Direkt zum Inhalt

Hoog contrast

Hoog contrast

Marcel Louette: Die Weiße Brigade kartiert

Die Widerstandsbewegung in Antwerpen

Nach dem Einzug der deutschen Besatzer im Mai 1940 finden sich viele Antwerpener stillschweigend mit der Situation ab. Einige weigern sich jedoch, die deutschen Machthaber anzuerkennen und unternehmen – oft aufgrund patriotischer und antifaschistischer Motive – etwas dagegen. Bestärkt werden sie dabei von Sympathien für England oder den Kommunismus sowie von einem Gefühl der Solidarität und dem Verlangen nach Gerechtigkeit. Das Spektrum der Widerstandsaktionen ist breit: Es reicht vom Verbreiten von Propaganda und Sammeln von Informationen über Hilfeleistungen für die, die besonders unter den Besatzern zu leiden haben, bis hin zu Sabotageakten. In den ersten Kriegsjahren beteiligen sich nur wenige an diesem Kampf. Ab Herbst 1942 steigt jedoch ihre Zahl infolge wachsender Feindseligkeiten gegenüber Nazi-Deutschland und der Aussicht auf einen nahenden Sieg. 

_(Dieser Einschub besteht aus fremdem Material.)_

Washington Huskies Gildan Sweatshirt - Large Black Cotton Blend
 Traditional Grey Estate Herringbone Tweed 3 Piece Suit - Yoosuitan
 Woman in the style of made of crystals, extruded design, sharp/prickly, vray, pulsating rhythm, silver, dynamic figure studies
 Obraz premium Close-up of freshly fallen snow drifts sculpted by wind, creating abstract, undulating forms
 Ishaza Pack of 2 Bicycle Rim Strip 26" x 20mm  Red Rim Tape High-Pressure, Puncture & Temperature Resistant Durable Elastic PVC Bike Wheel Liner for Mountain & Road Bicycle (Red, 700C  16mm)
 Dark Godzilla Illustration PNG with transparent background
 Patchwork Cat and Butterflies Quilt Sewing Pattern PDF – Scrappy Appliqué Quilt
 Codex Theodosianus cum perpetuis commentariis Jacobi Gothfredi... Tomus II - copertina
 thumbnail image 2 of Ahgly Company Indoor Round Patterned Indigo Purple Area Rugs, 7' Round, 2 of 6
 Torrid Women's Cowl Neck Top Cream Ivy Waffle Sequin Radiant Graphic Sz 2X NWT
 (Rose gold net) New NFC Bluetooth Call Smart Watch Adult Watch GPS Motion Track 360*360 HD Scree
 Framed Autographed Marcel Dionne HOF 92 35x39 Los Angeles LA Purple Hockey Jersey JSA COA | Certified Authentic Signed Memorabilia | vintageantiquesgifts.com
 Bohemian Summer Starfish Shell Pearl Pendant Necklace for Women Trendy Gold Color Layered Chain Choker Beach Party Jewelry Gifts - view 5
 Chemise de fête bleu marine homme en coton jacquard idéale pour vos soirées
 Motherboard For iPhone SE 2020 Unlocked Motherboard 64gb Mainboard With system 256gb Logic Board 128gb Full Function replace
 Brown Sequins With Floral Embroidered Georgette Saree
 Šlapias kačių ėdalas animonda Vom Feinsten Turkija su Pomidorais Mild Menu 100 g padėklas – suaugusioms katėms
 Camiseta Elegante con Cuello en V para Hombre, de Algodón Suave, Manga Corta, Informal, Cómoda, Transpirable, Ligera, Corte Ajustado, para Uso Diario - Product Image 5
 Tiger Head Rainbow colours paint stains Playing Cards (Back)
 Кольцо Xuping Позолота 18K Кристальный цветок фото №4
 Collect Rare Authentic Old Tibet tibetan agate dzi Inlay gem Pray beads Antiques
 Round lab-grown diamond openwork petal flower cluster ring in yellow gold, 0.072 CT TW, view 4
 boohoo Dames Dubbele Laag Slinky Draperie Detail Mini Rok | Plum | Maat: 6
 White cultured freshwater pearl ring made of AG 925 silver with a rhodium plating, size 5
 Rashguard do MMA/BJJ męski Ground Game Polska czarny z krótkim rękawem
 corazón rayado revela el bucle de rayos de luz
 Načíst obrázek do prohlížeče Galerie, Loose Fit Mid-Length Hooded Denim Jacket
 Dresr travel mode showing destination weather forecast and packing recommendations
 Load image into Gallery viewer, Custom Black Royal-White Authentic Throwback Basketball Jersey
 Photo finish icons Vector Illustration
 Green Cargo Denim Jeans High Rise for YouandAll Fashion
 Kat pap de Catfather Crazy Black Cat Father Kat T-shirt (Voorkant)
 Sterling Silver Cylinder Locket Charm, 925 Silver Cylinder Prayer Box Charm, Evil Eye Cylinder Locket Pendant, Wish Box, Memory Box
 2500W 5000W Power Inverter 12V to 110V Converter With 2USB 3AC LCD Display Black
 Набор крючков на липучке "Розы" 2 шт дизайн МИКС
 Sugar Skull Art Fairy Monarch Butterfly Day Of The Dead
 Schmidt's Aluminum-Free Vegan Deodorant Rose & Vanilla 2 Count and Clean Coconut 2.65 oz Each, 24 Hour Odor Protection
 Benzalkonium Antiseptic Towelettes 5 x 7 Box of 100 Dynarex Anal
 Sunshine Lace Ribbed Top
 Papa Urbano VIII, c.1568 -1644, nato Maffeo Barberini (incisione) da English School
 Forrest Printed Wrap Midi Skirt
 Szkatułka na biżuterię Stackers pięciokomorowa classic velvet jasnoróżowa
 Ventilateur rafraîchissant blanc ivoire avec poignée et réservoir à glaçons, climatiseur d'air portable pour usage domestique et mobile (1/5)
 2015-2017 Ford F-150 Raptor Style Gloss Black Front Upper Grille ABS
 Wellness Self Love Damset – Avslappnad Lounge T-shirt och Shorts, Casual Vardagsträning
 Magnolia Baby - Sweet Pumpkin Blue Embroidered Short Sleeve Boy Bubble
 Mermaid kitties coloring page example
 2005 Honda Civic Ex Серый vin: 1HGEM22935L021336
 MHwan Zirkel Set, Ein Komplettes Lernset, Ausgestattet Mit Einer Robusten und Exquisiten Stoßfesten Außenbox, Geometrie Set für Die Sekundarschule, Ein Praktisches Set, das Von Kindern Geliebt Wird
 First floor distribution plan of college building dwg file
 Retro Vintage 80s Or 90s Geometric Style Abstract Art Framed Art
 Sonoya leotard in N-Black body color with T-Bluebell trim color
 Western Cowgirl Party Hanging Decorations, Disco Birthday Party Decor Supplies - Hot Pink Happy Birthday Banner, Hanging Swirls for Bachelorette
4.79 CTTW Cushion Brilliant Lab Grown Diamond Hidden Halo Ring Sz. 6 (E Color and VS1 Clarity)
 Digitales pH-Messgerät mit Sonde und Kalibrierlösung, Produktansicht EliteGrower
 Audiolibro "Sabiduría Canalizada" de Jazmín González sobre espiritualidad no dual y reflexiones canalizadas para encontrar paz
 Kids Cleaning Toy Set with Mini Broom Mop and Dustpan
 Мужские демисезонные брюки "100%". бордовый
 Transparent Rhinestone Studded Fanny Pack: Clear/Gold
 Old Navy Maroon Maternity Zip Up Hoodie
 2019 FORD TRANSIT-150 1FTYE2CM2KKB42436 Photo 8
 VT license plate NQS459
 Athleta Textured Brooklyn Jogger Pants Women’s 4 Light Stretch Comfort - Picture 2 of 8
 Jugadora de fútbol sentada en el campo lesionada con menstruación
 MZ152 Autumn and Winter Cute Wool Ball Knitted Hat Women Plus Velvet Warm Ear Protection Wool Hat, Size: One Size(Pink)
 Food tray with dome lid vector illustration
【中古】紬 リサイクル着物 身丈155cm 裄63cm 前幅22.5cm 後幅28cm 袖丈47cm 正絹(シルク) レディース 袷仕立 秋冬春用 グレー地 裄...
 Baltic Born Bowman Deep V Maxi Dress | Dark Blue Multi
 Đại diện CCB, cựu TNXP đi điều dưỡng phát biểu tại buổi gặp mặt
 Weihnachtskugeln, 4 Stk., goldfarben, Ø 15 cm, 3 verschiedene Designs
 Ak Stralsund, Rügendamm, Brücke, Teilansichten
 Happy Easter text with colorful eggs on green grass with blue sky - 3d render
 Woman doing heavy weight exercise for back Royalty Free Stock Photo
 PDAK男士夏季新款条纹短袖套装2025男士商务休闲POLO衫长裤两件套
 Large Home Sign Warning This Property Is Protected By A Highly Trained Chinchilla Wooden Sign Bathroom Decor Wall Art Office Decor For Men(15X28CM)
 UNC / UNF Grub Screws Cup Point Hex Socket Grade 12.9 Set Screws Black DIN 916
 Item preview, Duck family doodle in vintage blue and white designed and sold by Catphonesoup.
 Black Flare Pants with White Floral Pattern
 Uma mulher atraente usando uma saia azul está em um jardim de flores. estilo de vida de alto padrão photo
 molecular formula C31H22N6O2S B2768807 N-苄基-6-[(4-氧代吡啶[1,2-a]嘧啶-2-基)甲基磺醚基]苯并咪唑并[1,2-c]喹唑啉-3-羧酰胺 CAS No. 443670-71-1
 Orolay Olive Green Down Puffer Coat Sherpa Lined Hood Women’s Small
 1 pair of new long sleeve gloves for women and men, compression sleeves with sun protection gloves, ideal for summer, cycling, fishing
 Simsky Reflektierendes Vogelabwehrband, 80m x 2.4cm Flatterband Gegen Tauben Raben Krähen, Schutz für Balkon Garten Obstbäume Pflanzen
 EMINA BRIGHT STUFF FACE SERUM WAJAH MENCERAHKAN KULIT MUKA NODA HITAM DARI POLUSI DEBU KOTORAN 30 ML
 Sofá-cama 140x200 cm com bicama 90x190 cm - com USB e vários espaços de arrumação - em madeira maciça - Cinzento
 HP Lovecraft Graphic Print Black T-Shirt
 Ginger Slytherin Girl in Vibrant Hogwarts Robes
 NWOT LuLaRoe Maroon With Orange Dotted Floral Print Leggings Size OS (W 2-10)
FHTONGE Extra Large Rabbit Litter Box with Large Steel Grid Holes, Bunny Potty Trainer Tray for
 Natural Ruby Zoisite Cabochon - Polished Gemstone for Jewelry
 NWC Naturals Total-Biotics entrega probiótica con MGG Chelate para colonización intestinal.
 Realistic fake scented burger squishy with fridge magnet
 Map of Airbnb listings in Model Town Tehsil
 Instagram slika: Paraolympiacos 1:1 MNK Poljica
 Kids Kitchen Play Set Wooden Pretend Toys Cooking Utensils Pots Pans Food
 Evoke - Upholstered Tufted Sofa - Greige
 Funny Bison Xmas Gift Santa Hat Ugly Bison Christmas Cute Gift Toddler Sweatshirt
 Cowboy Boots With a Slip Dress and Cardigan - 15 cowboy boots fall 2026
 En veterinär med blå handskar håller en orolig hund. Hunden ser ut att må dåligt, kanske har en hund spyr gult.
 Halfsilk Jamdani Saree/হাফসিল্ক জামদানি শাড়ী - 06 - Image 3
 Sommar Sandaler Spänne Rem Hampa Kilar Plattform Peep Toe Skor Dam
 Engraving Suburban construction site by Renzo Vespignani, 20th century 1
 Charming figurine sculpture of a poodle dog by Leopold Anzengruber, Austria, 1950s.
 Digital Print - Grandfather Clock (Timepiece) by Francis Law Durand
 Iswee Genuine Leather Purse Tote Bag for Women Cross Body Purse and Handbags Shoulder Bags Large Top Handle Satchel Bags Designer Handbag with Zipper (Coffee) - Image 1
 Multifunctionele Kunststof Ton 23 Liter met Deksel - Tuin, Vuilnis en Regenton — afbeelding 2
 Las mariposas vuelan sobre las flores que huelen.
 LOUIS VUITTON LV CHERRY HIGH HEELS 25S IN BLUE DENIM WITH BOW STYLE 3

Obwohl jeder Einzelne einen Beitrag liefern kann, beschließen viele, sich organisierten Gruppen anzuschließen. In Antwerpen ist eine ganze Reihe von Widerstandsbewegungen und geheimen Netzwerken aktiv: die Nationale Königliche Bewegung, die Geheime Armee, die Unabhängigkeitsfront, die Gruppe G, die Belgische Nationale Bewegung und die Weiße Brigade. Es fällt auf, dass keine dieser Gruppen - bis auf eine - ihren Ursprung in Flandern hat. Im französischsprachigen Teil Belgiens hingegen ist die Widerstandskultur viel stärker. Dafür gibt es verschiedene Gründe wie u. a. die wohlwollende Haltung der deutschen Militärverwaltung gegenüber den Flamen. Auch das patriotische und antifaschistische Gefühl, das dem Widerstand als Nährboden dient, ist in dieser Region nur schwach entwickelt. Eine Ausnahme bildet die Weiße Brigade. Diese Widerstandsgruppe entsteht bereits im Juni 1940 in Antwerpen. Während des Krieges entwickelt sie sich unter der Leitung von Marcel Louette ständig weiter und kann auch außerhalb der Stadtgrenzen an Boden gewinnen.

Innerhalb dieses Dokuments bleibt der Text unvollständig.